Nós a imaginamos como uma identificação excessiva com o pensamento filosófico e que o seu psiquismo insistia, com sonhos repetitivos, em chamar a sua atenção para outros aspectos negligenciados da sua vida. Fica evidente que a sua psique ainda não havia perdido aquela capacidade de buscar o equilíbrio psicológico, o que costuma não funcionar bem em personalidades comprometidas.

O sonho, ao ser devidamente considerado, poderia exercer a sua função compensatória dentro da dinâmica de auto-regulação psíquica, tentando corrigir a unilateralidade atitudinal de Sócrates.

Isso pode tê-lo ajudado durante aqueles dias de prisão onde ocorria o seu encontro final consigo mesmo. A música pode ter trazido a vitalidade e a ventilação energética que a função inferior carreia para a personalidade total do indivíduo, integralizando-o.

Jung chegou a se manifestar a respeito do sonho de Sócrates narrado no Fédon numa carta-resposta a Hugo Charteris em 09.01.60, o qual compreendeu como manifestação do daimon do filósofo.

Escreve Jung:

“... Sócrates (...) deu ouvidos ao seu daimon e comprou
uma flauta (...), obedeceu humildemente à suave voz do
interior, entendendo-a literal e concretamente como uma
pessoa moderna. O daimon significa “música”, a arte do
sentimento, em oposição à sua constante preocupação com
o “ratio” da idade adolescente (...)”.


Adiante Jung lamenta o lugar do daimon que equipara a anima na vida moderna:

“Nós falamos, mas ele não diz nada; ele nem mesmo existe;
e, se existisse, não passaria de um erro patológico”.


Finaliza:

“Mas ao menos mostrou a única coisa valiosa: Para o
inferno com o mundo-ego! Escute a voz de seu daimon. Ele
tem a palavra agora, não você.”


A impressão que ficou da leitura do Fédon é que Sócrates morreu sereno, morreu em paz.
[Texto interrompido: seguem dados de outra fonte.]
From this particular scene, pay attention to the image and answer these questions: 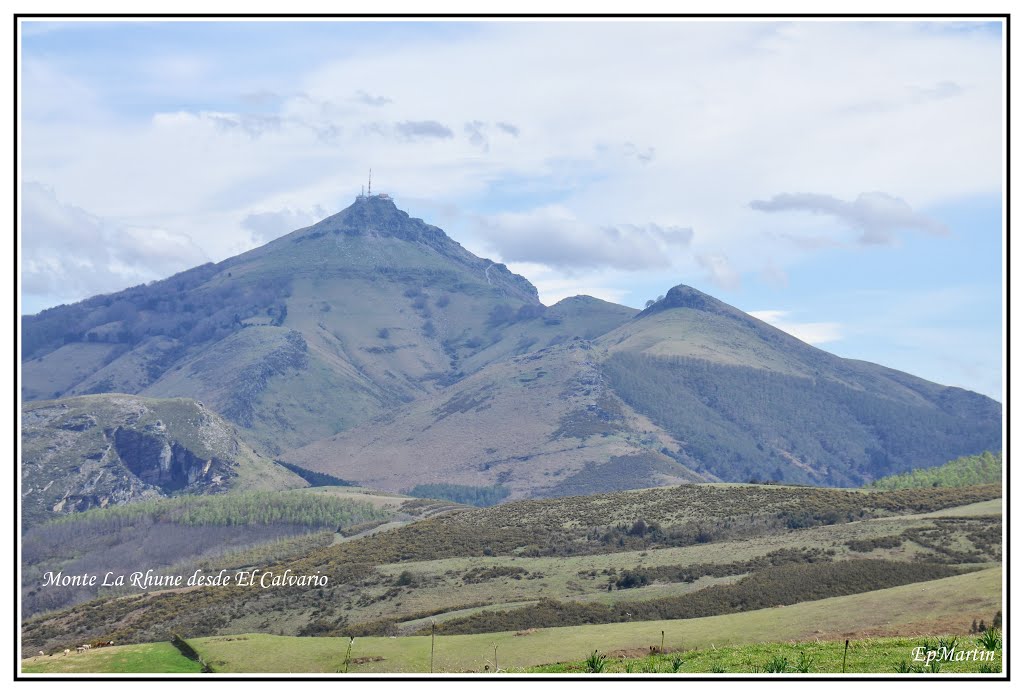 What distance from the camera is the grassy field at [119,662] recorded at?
7300cm

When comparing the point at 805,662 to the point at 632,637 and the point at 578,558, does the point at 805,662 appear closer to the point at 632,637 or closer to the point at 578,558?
the point at 632,637

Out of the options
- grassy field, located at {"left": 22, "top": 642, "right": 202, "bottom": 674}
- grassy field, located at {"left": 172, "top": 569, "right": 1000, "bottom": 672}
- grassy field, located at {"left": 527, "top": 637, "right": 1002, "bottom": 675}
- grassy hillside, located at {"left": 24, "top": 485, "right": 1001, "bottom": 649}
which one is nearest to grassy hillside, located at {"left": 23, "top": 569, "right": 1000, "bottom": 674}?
grassy field, located at {"left": 172, "top": 569, "right": 1000, "bottom": 672}

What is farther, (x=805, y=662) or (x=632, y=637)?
(x=632, y=637)

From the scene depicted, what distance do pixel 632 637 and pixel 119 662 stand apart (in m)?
35.8

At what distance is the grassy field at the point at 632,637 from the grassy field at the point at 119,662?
2.27 m

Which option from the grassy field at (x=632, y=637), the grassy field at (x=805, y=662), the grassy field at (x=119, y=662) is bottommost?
the grassy field at (x=119, y=662)

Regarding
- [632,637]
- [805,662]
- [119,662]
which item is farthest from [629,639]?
[119,662]

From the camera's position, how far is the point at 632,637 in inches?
2916

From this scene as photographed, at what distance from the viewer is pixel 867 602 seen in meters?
80.5

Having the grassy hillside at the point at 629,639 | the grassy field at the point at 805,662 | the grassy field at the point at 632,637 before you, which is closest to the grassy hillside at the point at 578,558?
the grassy field at the point at 632,637

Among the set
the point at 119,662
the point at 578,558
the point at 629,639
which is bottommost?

REFERÊNCIAS BIBLIOGRÁFICAS


APOLO, Hino a - <> acesso em: 25.01.07 às 12:53hs.

ESOPO – Fábulas – L&PM Editores, 2006, SP.

JUNG, C.G. – Cartas de C. G. Jung – vol. III, Ed. Vozes, 2003, RJ pág. 239, resposta

em 09/01/60 para Hugo Chateris.

__________ - Obras Completas de C.G.Jung – vol.XVI , Ed. Vozes, 1987, RJ.

PLATÃO – Diálogos – Abril Cultural, Coleção Os Pensadores, 1972, SP.


(*) texto originalmente apresentado em forma de resumo para pôster no XV Congresso de Psicologia Analítica de 2007.